#### [To do]
Set down all of the records below exactly, please, omitting the images.

----- Supplied material -----

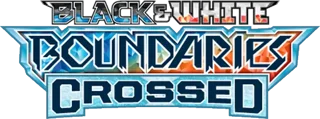 Boundaries Crossed Pokémon TCG set logo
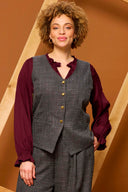 ZH - Milda 1619 - Vest - Sort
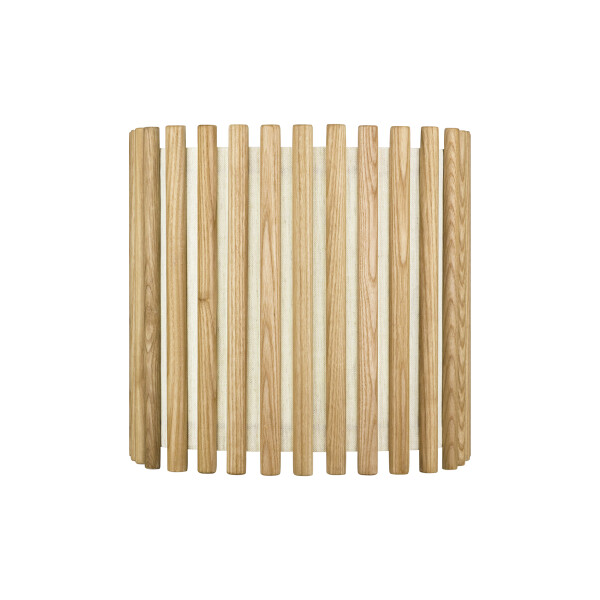 UMAGE Komorebi medium square oak 2250C2250-2 off image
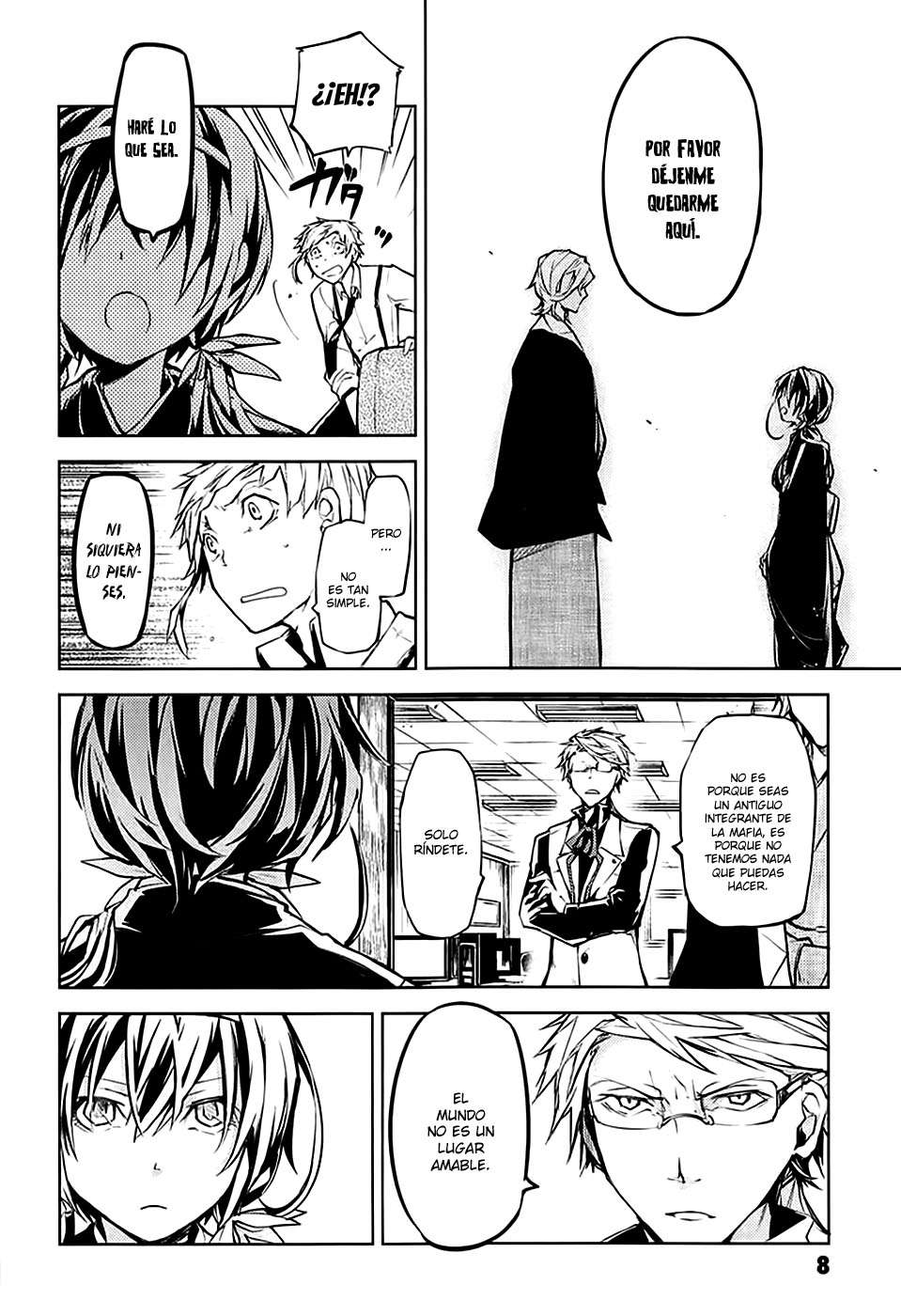 Read Bungou Stray Dogs (es) Manga Online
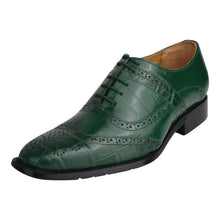Load image into Gallery viewer, Dallas Genuine Leather Oxford Style Brogue Dress Shoes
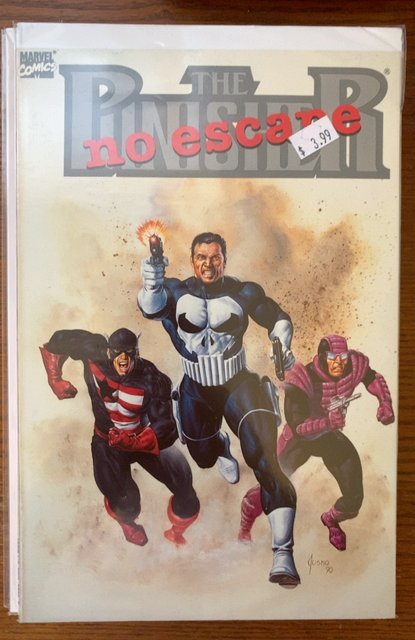 Punisher: No Escape (1990)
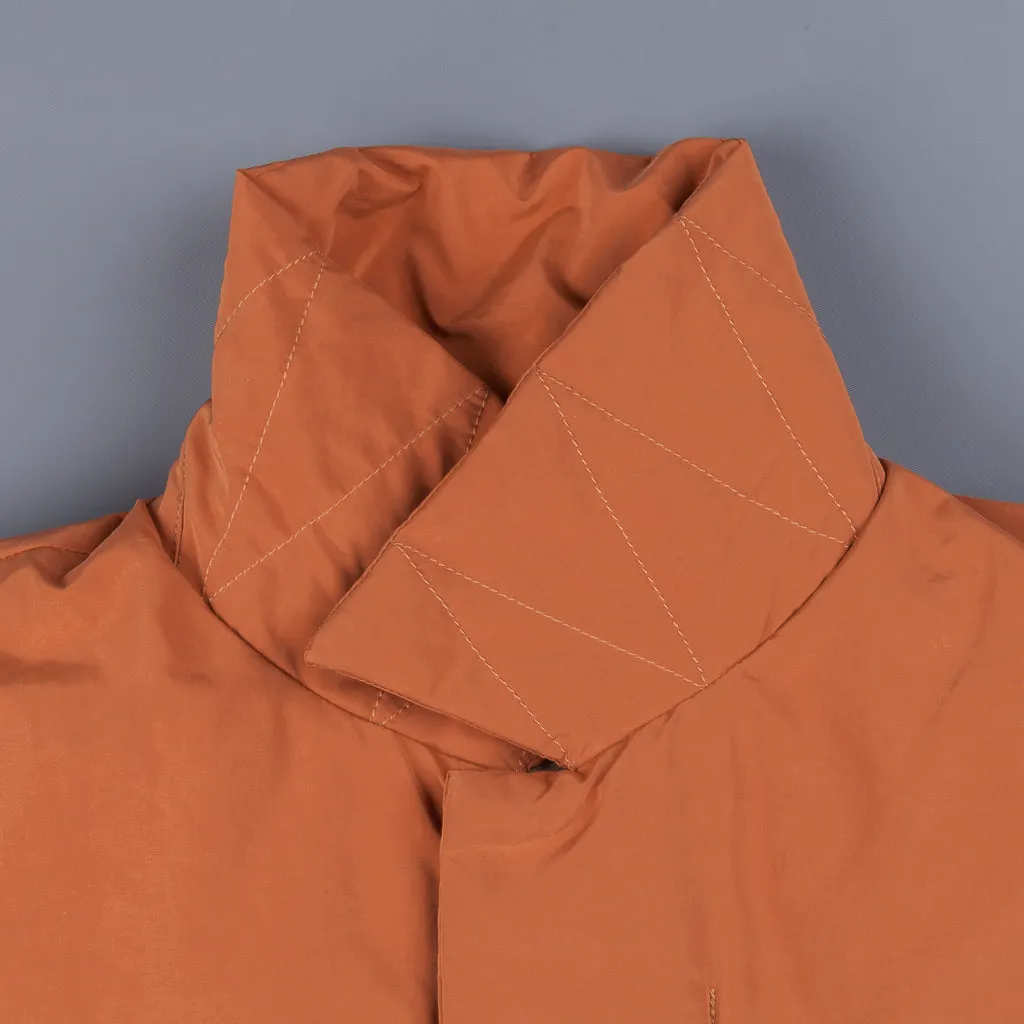 Remi Relief P & N Down Coat in Orange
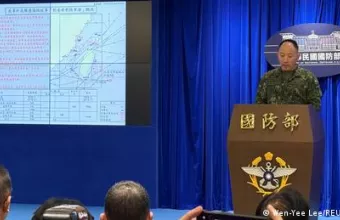 Στρατιωτική ενημέρωση Ταϊβάν
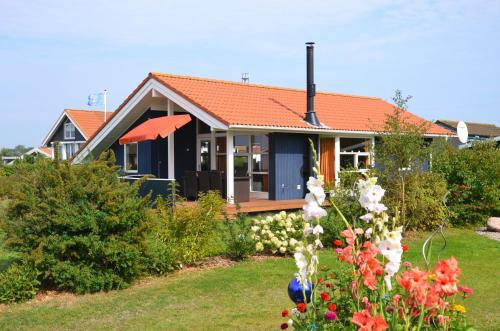 Zahrada ubytování Ferienhaus Suennhuus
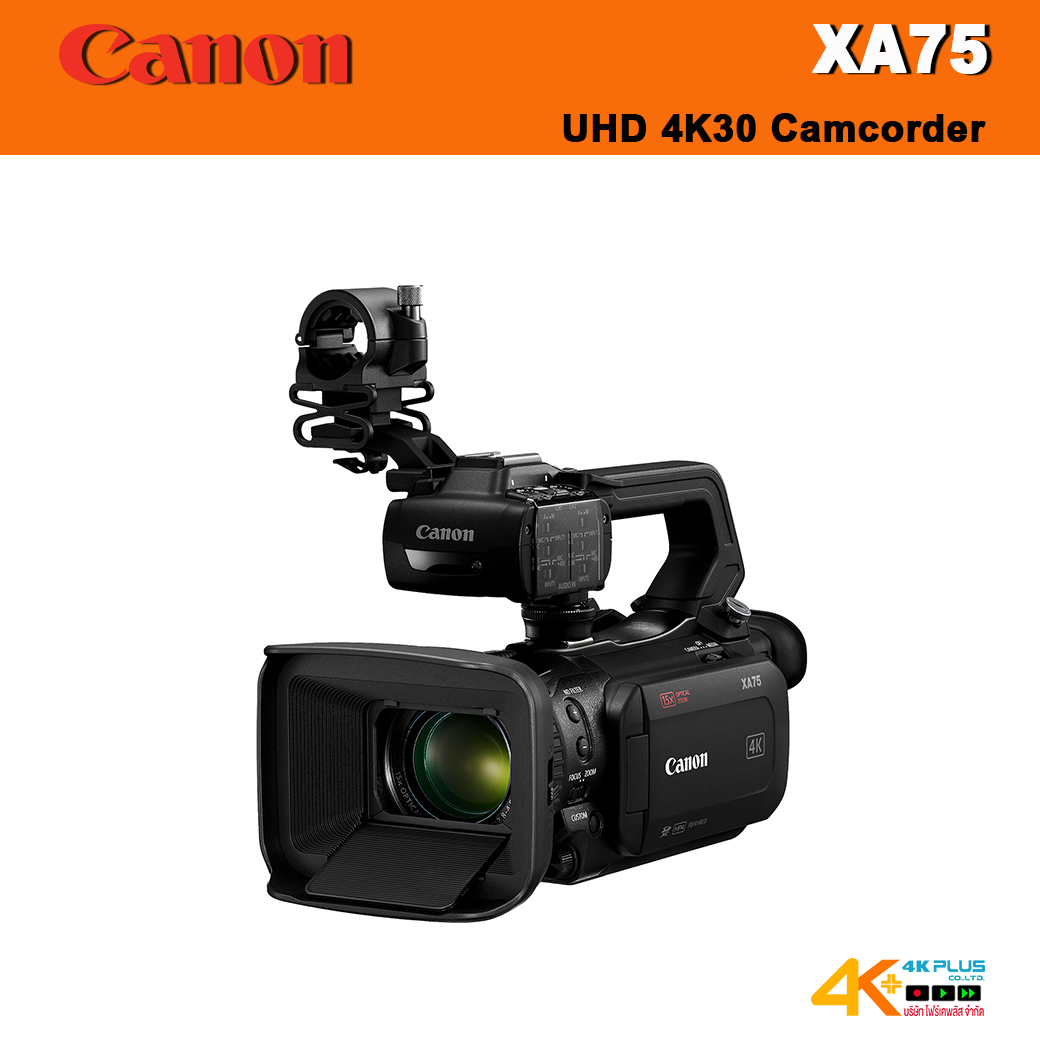 Canon XA75 UHD 4K30 Camcorder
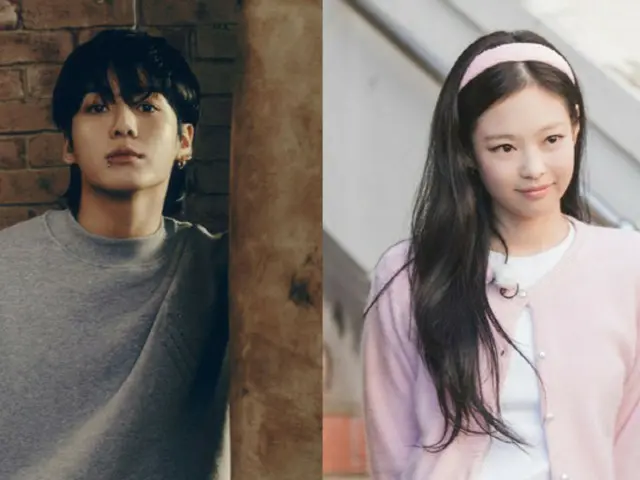 JUNG KOOK（BTS）＆ JENNIE（BLACKPINK）、米ビルボード「ホット100」に共にランクイン…61位＆72位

-----

#### [Solution to the problem]
 Boundaries Crossed Pokémon TCG set logo
 ZH - Milda 1619 - Vest - Sort
 UMAGE Komorebi medium square oak 2250C2250-2 off image
 Read Bungou Stray Dogs (es) Manga Online
Load image into Gallery viewer, Dallas Genuine Leather Oxford Style Brogue Dress Shoes
 Punisher: No Escape (1990)
 Remi Relief P & N Down Coat in Orange
 Στρατιωτική ενημέρωση Ταϊβάν
 Zahrada ubytování Ferienhaus Suennhuus
 Canon XA75 UHD 4K30 Camcorder
 JUNG KOOK（BTS）＆ JENNIE（BLACKPINK）、米ビルボード「ホット100」に共にランクイン…61位＆72位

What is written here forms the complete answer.